» **DATASET ENTRIES**
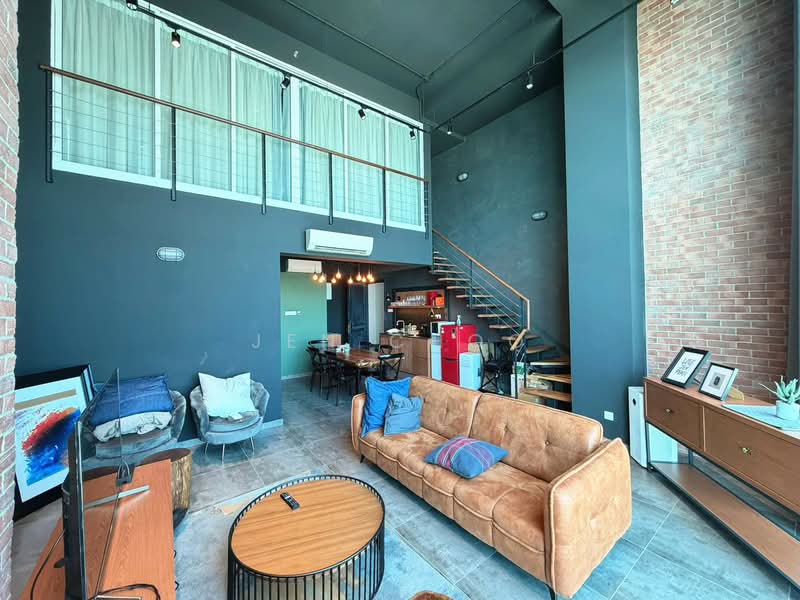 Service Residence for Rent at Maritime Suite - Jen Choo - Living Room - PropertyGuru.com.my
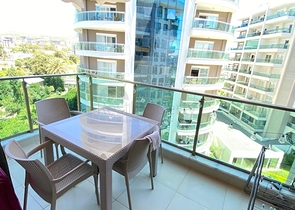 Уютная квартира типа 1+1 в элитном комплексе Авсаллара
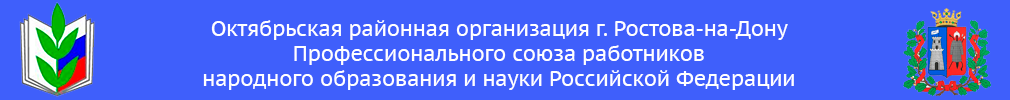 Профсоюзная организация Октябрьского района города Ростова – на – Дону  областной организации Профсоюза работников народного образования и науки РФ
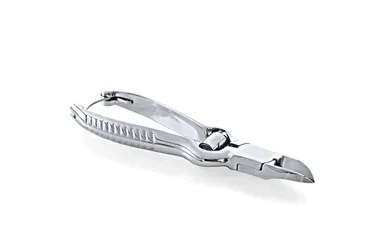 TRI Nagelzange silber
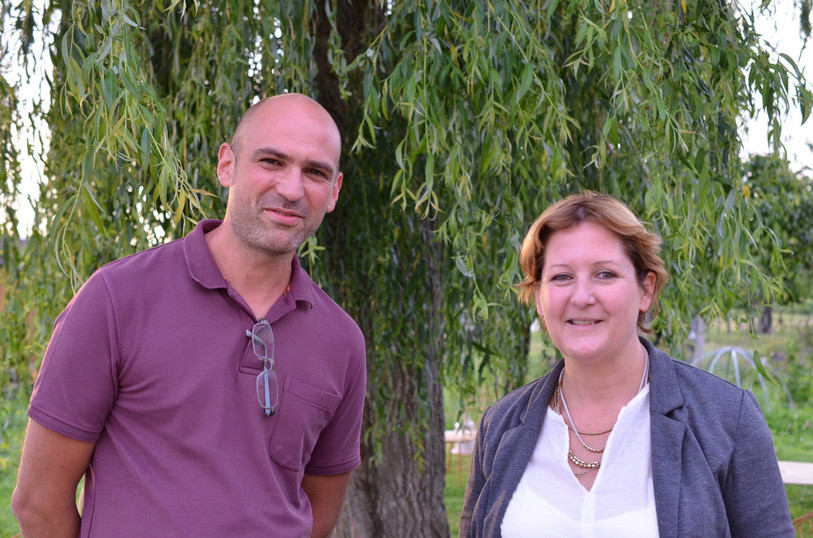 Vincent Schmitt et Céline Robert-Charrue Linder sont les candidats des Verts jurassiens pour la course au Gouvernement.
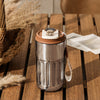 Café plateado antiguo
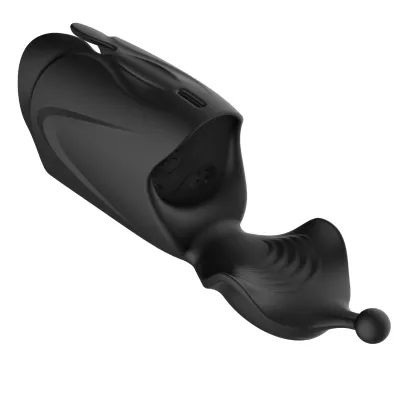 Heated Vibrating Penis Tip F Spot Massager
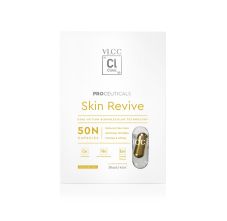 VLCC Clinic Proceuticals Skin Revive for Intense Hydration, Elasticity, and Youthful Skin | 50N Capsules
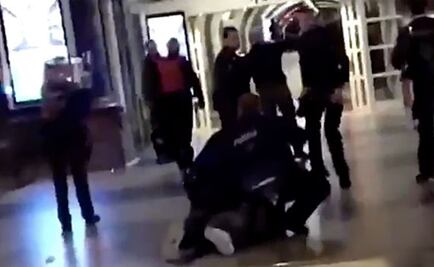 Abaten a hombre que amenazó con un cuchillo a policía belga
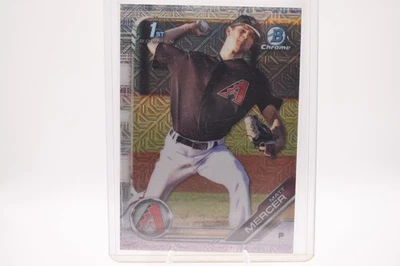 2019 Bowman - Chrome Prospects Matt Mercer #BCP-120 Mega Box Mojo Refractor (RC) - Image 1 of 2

--

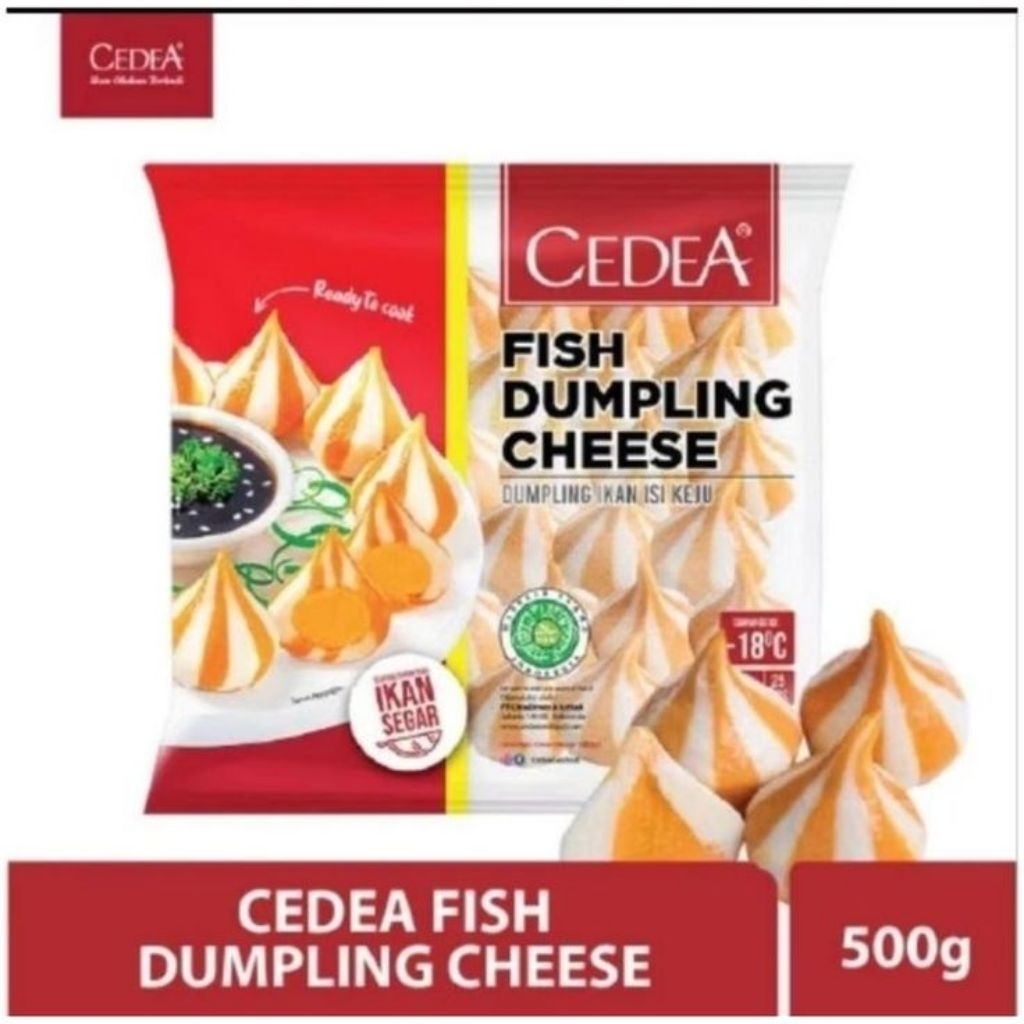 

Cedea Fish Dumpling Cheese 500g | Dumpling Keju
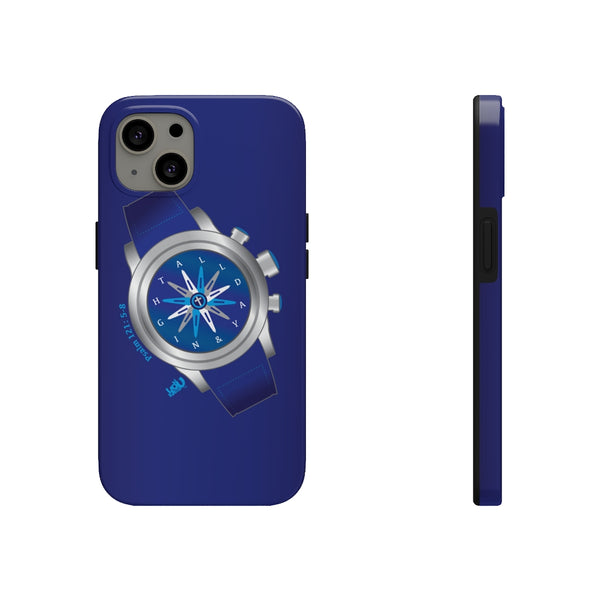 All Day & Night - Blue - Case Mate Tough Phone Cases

» **PROBLEM DETAILS**
Would you copy the lines above exactly, starting with the one that has "Service Residence for" and ending with the one that has "Vincent Schmitt et", both included, without the pictures?

» **TASK RESPONSE**
 Service Residence for Rent at Maritime Suite - Jen Choo - Living Room - PropertyGuru.com.my
 Уютная квартира типа 1+1 в элитном комплексе Авсаллара
 Профсоюзная организация Октябрьского района города Ростова – на – Дону  областной организации Профсоюза работников народного образования и науки РФ
 TRI Nagelzange silber
 Vincent Schmitt et Céline Robert-Charrue Linder sont les candidats des Verts jurassiens pour la course au Gouvernement.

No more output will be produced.